[Records from a collection]
+ + + + +
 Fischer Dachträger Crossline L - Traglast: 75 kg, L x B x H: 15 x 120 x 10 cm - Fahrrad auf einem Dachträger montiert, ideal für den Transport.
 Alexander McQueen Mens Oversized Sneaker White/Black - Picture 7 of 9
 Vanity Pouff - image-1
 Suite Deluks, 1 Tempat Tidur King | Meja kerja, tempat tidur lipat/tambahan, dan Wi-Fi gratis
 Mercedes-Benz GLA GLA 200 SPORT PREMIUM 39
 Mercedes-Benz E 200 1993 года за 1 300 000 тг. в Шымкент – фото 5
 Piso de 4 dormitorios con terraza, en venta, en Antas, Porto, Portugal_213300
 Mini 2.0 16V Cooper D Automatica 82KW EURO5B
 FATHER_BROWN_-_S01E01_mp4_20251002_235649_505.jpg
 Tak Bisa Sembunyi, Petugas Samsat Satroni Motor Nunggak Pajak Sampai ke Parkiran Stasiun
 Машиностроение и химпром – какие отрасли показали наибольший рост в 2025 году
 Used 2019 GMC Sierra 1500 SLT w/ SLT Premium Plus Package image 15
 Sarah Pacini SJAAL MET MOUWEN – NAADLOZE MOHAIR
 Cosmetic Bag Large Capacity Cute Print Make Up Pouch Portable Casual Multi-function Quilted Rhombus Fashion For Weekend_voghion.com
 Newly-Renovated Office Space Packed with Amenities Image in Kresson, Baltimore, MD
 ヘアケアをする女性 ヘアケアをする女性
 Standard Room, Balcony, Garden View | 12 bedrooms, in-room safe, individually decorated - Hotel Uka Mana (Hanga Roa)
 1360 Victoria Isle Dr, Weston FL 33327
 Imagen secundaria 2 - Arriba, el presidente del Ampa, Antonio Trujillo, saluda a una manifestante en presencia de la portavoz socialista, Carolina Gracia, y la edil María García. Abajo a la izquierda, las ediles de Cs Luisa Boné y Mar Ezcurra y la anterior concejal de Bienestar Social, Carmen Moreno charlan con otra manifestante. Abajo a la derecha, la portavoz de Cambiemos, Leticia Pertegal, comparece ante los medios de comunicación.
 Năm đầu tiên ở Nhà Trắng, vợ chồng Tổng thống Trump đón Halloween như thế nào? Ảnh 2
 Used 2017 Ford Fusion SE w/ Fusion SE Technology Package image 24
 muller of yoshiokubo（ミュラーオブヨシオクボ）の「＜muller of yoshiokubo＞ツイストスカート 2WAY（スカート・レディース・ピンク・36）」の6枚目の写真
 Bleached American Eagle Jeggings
+ + + + +
The answer is the lines above between the line holding "Машиностроение и химпром" and the line holding "Newly-Renovated Office Space", inclusive, each written out exactly, and no others.

■ Exercise solution
 Машиностроение и химпром – какие отрасли показали наибольший рост в 2025 году
 Used 2019 GMC Sierra 1500 SLT w/ SLT Premium Plus Package image 15
 Sarah Pacini SJAAL MET MOUWEN – NAADLOZE MOHAIR
 Cosmetic Bag Large Capacity Cute Print Make Up Pouch Portable Casual Multi-function Quilted Rhombus Fashion For Weekend_voghion.com
 Newly-Renovated Office Space Packed with Amenities Image in Kresson, Baltimore, MD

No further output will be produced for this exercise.